THE TASK:
Transcribe the lines below verbatim, skipping the images.

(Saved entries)

···

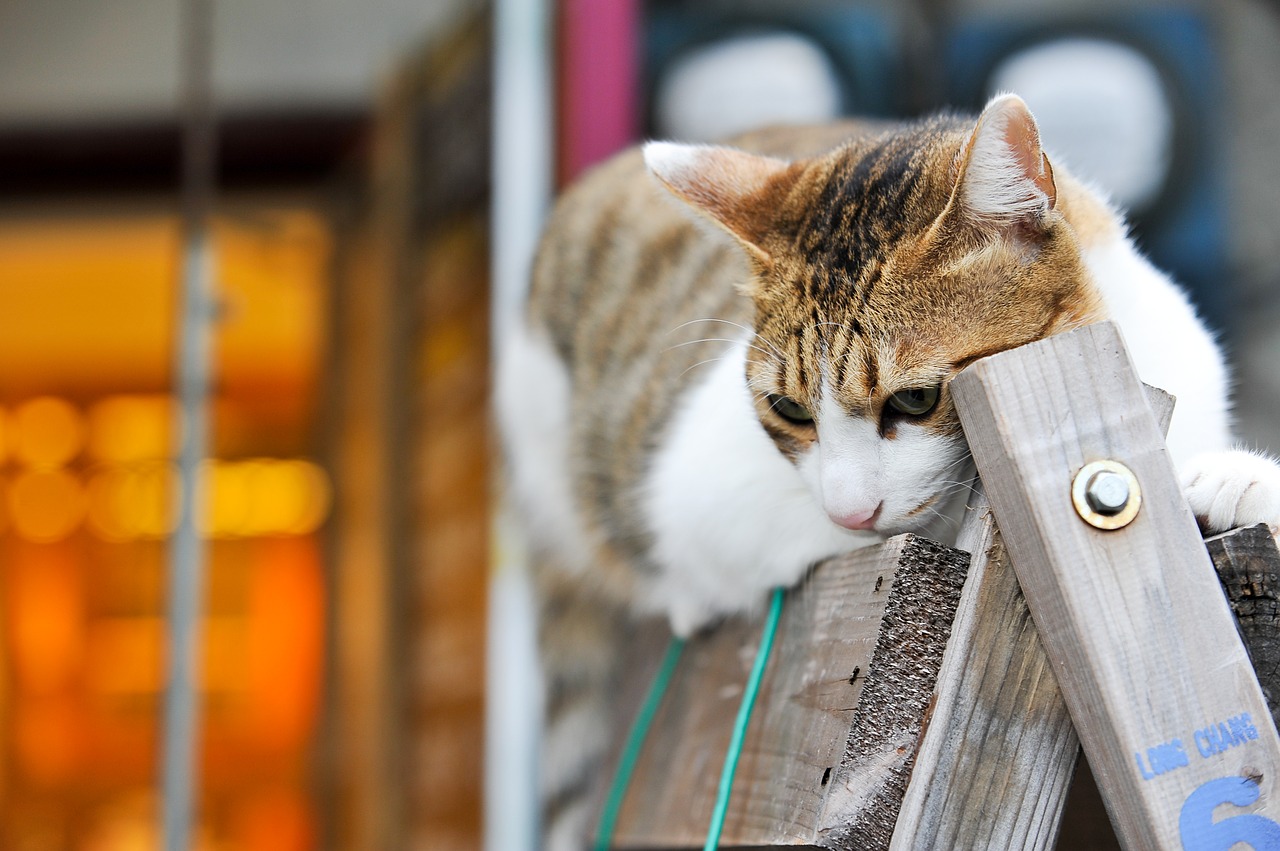 cat  taiwan  cuteness free photo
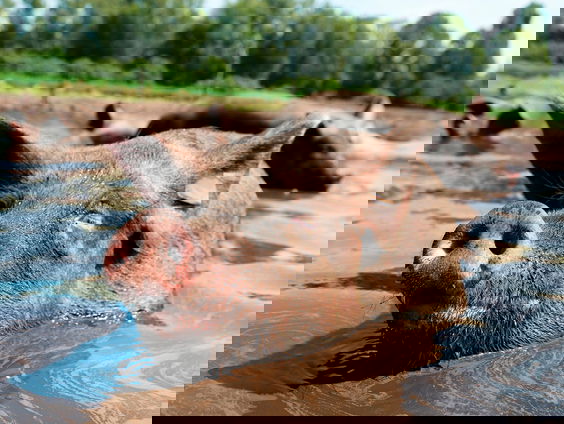 Varkensboer Lauwrens Sterken uit Ommen heeft de beste modderpoel van Nederland!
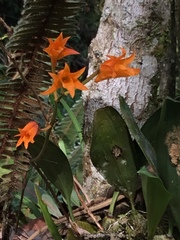 Bifrenaria aureofulva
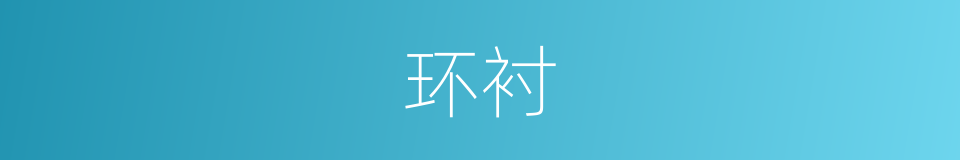 环衬的意思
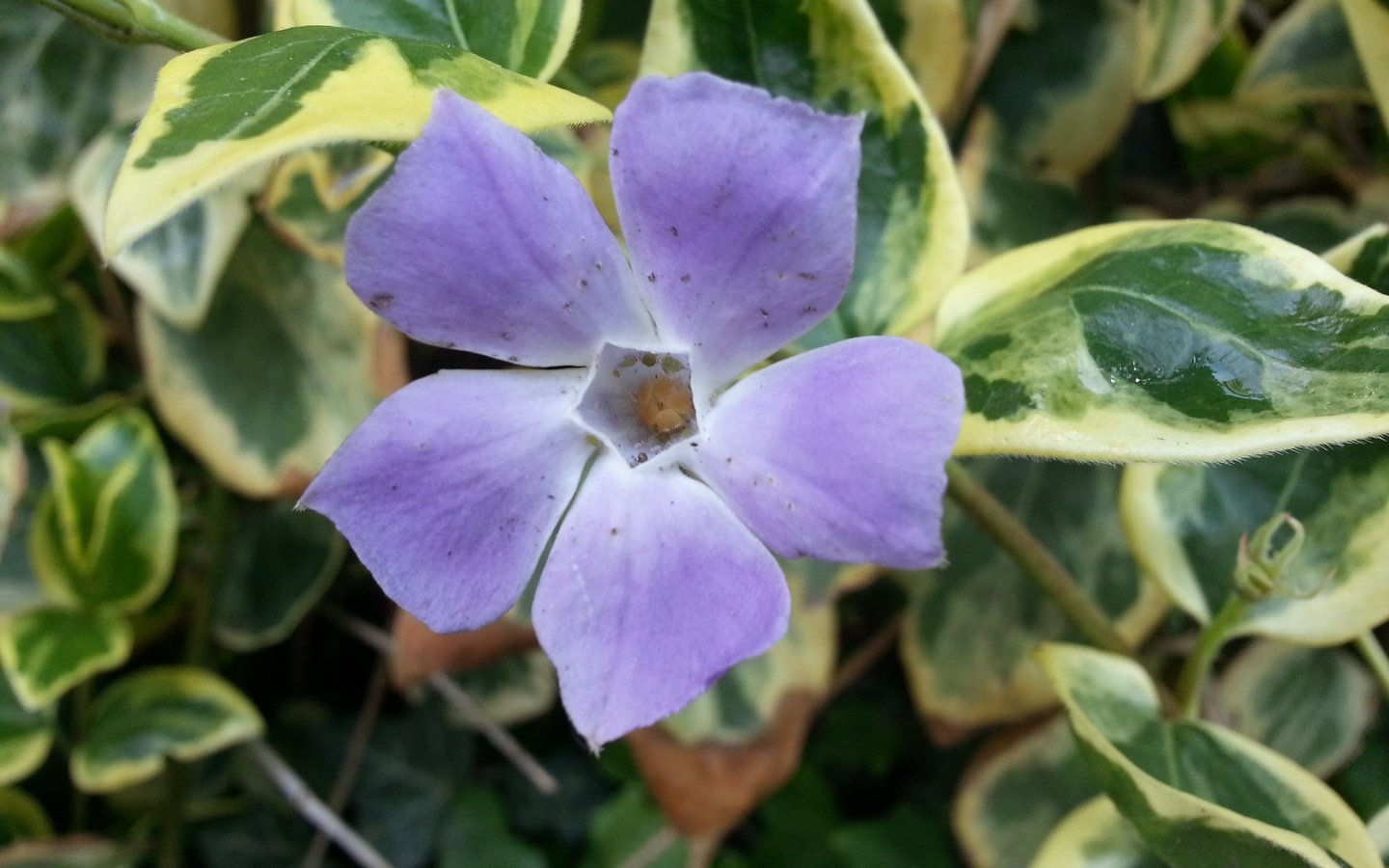 Обои листья, цветок, лепестки, барвинок, leaves, flower, petals, periwinkle разрешение 3264x2448 Загрузить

···

SOLUTION TO THIS TASK:
 cat  taiwan  cuteness free photo
 Varkensboer Lauwrens Sterken uit Ommen heeft de beste modderpoel van Nederland!
 Bifrenaria aureofulva
 环衬的意思
 Обои листья, цветок, лепестки, барвинок, leaves, flower, petals, periwinkle разрешение 3264x2448 Загрузить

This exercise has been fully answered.